Kanal

Rupiah Tembus Rp14 Ribu, Ekonomi Indonesia Dibawah Kepemimpinan Jokowi Diambang Bahaya

JAKARTA-Pengamat ekonomi Universitas Sam Ratulangi (Unsrat) Manado, Provinsi Sulut Dr Joubert Maramis mengatakan kurs Rupiah yang semakin melemah hingga mencapai Rp 14 ribu per dolar Amerika Serikat (AS) telah menjadi tanda bahaya bagi perekonomian di Indonesia.

"Kurs Rupiah yang mencapai Rp14.000 per dolar AS, sudah bahaya bagi perekonomian Indonesia karena perekonomian internasional, kita defisit pada transaksi barang dan modal," kata Joubert di Manado, Selasa (25/8).

Kalau demikian, katanya, maka akan picu inflasi yang tinggi. Sebab Indonesia mengimpor banyak bahan baku maupun barang jadi dari luar negeri baik barang konsumsi maupun modal.

"Coba lihat kasus daging sapi, pengusaha importir akan berpikir rasional untuk menahan daging sapi atau menaikan harga daging sapi karena kurs tidak stabil," jelasnya.

Mereka takut jual karena beli kembali pasti lebih mahal karena kurs kita melemah. Kemudian efek dari harga tinggi daging sapi adalah naiknya daging subtitusi seperti ayam dan bahkan ikan.

"Saya melihat Indonesia saat ini berada pada kondisi siaga 1 seharusnya, karena kombinasi menurunnya perekonomian dunia, kurs yang melemah, daya serap anggaran yang rendah ditambah musim kemarau atau paceklik hampir di seluruh Indonesia akan membuat efek domino dari pasar uang (kurs) yang akan memperburuk pasar modal, pasar barang dan pasar tenaga kerja," jelas Joubert.

Kalau tidak diambil langkah tepat, katanya, maka perekonomian kita akan terpuruk dalam kurun waktu minimal enam bulan ke depan.

Jika melemahnya kurs ini memicu signifikan inflasi maka tidak lama lagi Bank Indonesia akan menaikkan suku bunga dan ini akan melemahkan sektor investasi.

"Suku bunga efektif kalau jangka pendek, dalam menekan inflasi namun akan sia-sia kalau biaya produksi yang meningkat," katanya.

"Bagi saya solusi instan adalah merealisasikan proyek-proyek produktif dan padat karya untuk proyek APBN dan APBD sehingga menambah income masyarakat sehingga minimal bisa mengurangi dampak inflasi," katanya.

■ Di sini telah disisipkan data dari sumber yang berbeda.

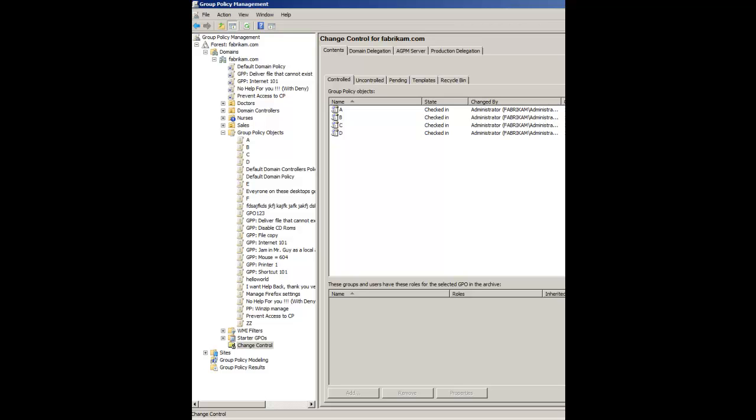Hi everyone. This is Jeremy Moskowitz, Group Policy MVP and founder of PolicyPack Software.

Kemudian beri insentif bagi pengusaha ekspor dan kontrol transaksi dolar di dalam negeri.

Menurut dia, untuk menggerakan perekonomian saat ini adalah lewat pengeluaran pemerintah karena ketidakstabilan kurs membuat investor pikir dua kali guna berinvestasi.

Indonesia dalam Kesulitan Besar, Pemerintah malah Over Confident

Pakar hukum tata negara, Yusril Ihza Mahendra mengingatkan pemerintahan Jokowi-JK untuk tidak terlalu percaya diri dengan kondisi perekonomian saat ini.

Menurutnya, pemerintah harus belajar dari kegagalan pemerintah Presiden Soeharto mengatasi krisis moneter agar kejadian serupa tidak terulang.

"Jangan over confident bahwa kita msh punya banyak amunisi untuk mengantisipadi ancaman krisis moneter dan ekonomi," katanya dalam akun twitter pribadinya, @Yusrilihza_Mhd seperti dikutip Republika, Selasa (25/8).

Ia mengatakan cadangan devisa Indonesia tak terlalu besar untuk terus menerus mengintervensi melemahnya nilai tukar rupiah.

Belum lagi utang luar negeri pemerintah dan swasta dalam dollar AS akan jatuh tempo akhir tahun ini diprediksi akan membengkak. Yusril yakin hal tersebut akan menyedot devisa.

Celakanya, penerimaan APBN terutama dari pajak dan pertambangan jauh dari memenuhi target.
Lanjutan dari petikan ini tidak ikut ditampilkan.